Only an exact copy of every record counts as an answer.

▶ _LISTED ENTRIES_:
━━━━

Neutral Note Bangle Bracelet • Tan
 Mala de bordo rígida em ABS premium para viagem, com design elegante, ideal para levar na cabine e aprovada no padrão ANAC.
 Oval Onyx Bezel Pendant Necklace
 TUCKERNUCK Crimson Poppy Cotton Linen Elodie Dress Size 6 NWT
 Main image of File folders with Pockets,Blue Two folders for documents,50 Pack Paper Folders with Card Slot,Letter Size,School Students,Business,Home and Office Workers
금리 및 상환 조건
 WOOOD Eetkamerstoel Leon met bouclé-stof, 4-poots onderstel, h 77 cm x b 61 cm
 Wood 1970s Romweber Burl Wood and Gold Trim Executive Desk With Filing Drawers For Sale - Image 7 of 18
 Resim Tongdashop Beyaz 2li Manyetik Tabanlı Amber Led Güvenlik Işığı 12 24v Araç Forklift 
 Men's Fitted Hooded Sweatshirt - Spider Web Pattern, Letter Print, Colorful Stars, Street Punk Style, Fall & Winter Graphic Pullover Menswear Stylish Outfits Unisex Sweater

━━━━

▶ _EXERCISE RESULT_:
Neutral Note Bangle Bracelet • Tan
 Mala de bordo rígida em ABS premium para viagem, com design elegante, ideal para levar na cabine e aprovada no padrão ANAC.
 Oval Onyx Bezel Pendant Necklace
 TUCKERNUCK Crimson Poppy Cotton Linen Elodie Dress Size 6 NWT
 Main image of File folders with Pockets,Blue Two folders for documents,50 Pack Paper Folders with Card Slot,Letter Size,School Students,Business,Home and Office Workers
금리 및 상환 조건
 WOOOD Eetkamerstoel Leon met bouclé-stof, 4-poots onderstel, h 77 cm x b 61 cm
 Wood 1970s Romweber Burl Wood and Gold Trim Executive Desk With Filing Drawers For Sale - Image 7 of 18
 Resim Tongdashop Beyaz 2li Manyetik Tabanlı Amber Led Güvenlik Işığı 12 24v Araç Forklift 
 Men's Fitted Hooded Sweatshirt - Spider Web Pattern, Letter Print, Colorful Stars, Street Punk Style, Fall & Winter Graphic Pullover Menswear Stylish Outfits Unisex Sweater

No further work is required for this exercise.